In my early career, I worked in an office on Michigan Ave and every day I would walk past the luxury stores and daydream about wearing these beautiful clothes. I knew one day it would be me buying those clothes. Little did I know I was slowly buying into a lie back then, that I wouldn’t arrive until I was wearing these designer clothes. I daydreamed so much that I found myself purchasing these designer brands on credit before I could actually afford them. I told myself as an undergrad graduation present I will buy a designer bag. Then when I went for my masters, it was like a drug, every time I finished a semester I purchased a designer brand. I received so much respect and admiration for wearing those designer brands that it became an addiction. I convinced myself that I earned it until it all eventually collapsed on me and did major damage to my finances that I am still slowly trying to unravel.

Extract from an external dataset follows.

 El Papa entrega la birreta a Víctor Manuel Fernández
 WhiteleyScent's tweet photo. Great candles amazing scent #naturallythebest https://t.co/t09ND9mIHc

Don’t get me wrong there is nothing wrong with designer brands, I still to this day absolutely love them. I believe God created some amazing designers with incredible talent to create beautifully tailored outfits with gorgeous materials. I truly admire their beauty. Designer brands are not a bad thing, they are a gift to the world. What is wrong is believing that I am not enough without a designer brand. As a fashion blogger, to this day I still daydream about wearing some beautiful designer outfits. If God chooses to bless me with an income to afford these designer brands in the future than great, but I will no longer believe that I am not successful and not enough without possessing them. Clothes do not define me, I do. I will continue to enjoy my passion for clothes in the season I am currently experiencing. I have recently discovered that I can have a beautiful and polished look at the same time of staying within my current budget.
Be confident in your look….. because you are enough!